Nicholas Cage gives a haunting performance as Ben Sanderson, a man who has lost everything and come to Las Vegas to drink himself to death. On his way down he meets a prostitute named Sera and in their spiraling despair they discover love. One of the most poignant moments in the film comes when Cage is on the streets of Las Vegas seeking human contact and can’t remember whether he lost everything because of his drinking or started drinking because he lost everything. Cage’s performance rings absolutely true and deservedly won him the Oscar. He shows with great tenderness the sad realism of being an alcoholic.
Matching Cage scene for scene is Elizabeth Shue in a brilliantly realized role that should have won an Oscar. As this working girl begins to care about Ben she discovers she is not dead inside, like some, and can still love. But when Ben finally pushes her away in order to save her she realizes that if she lets him, she may very well lose this power to love and her connection to being human. Going back, however, may be more than her heart can bare.
Figgis has made a mesmerizing film of almost overwhelming sadness. This is not a ‘feel good’ movie by any stretch of the imagination. There is both truth and poetry here though for those who know this life. Ben and Sera are like two roses; one withering at the onset of its last winter and the other finding an unexpected bud on a long dormant vine.
An incredible sountrack with artist like Michael MacDonald and Sting is used to set the tone for this wonderful but difficult to watch film. Anyone who has ever been devastated by a loss and known a Sera will be moved by this heartbreaking journey into loneliness and despair. Though brilliant, its appeal may be limited and it is easy to understand why some are not as enthusiastic about it.
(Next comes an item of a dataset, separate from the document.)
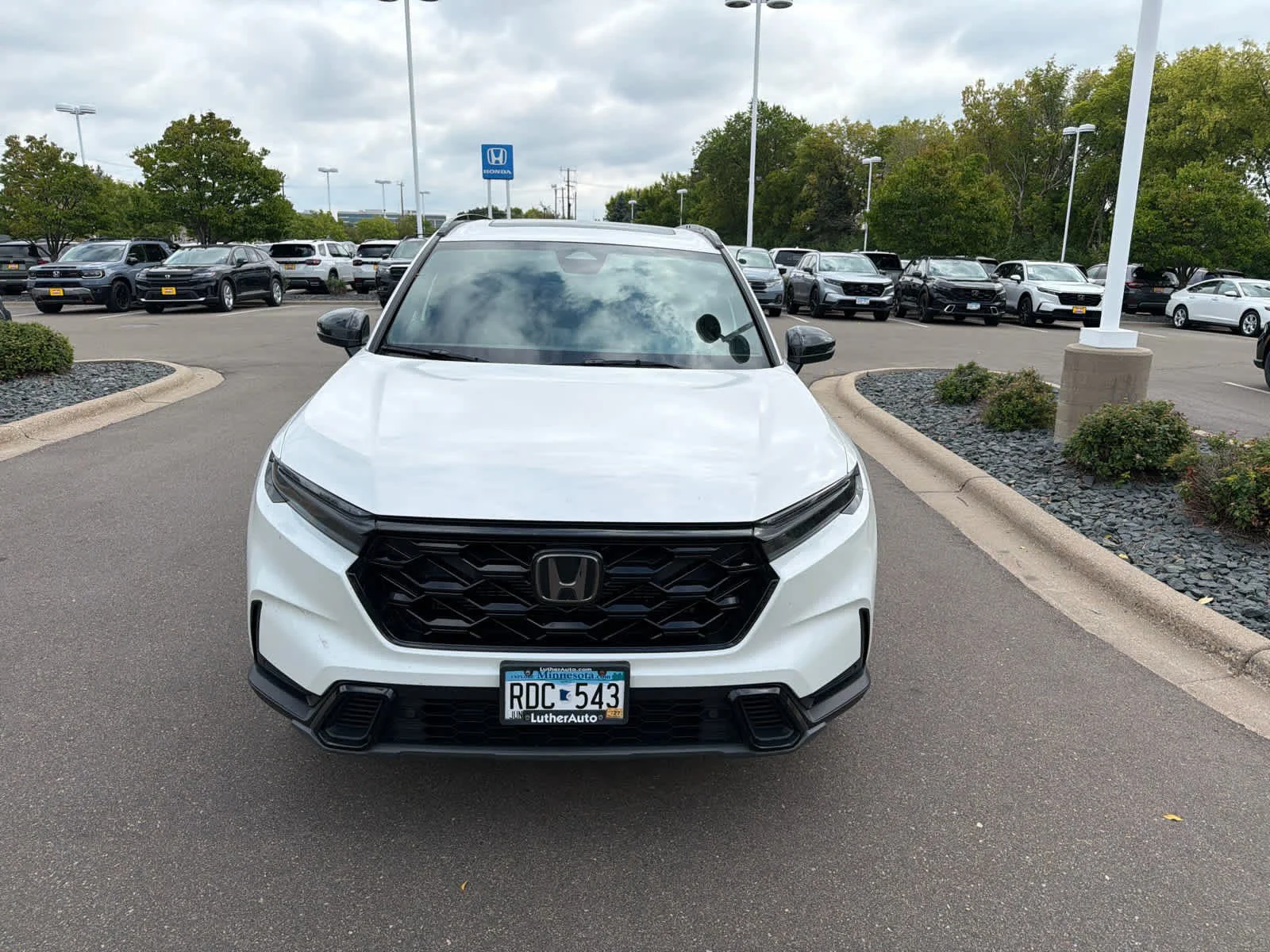 Certified Used 2025 Platinum White Pearl Honda Sport-L image 2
But for those who have even seen or experienced a glimmer of this side of life and been shown the comforting tenderness of love on the way down, the final moments of this film will be almost painful to watch and deeply affecting. Figgis has made a masterpiece for all those who have walked away before the night swallowed them up completely and they were lost forever.
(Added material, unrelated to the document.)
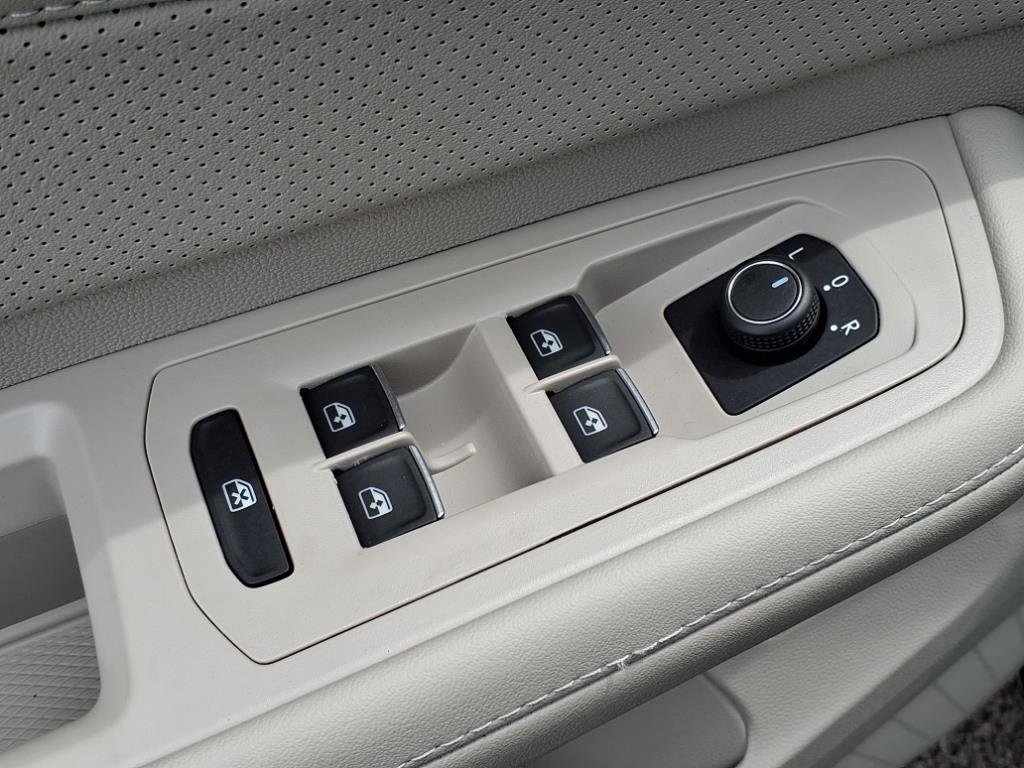 New 2026 Volkswagen Atlas SE image 10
This is the film that Nic Cage was born to make. It is his best performance by a mile. Unfortunately it makes watching pretty much everything else he has done frustrating as he has never hit these heights again.
The bleak premise of the film, a broken man drinking himself to death in the company of a hooker whose pimp has been killed, could put some people off. Don't be one of them, this film has a rare beauty and emotional depth.
If you want to see a love story that isn't saccharine, cliched guff then this is it.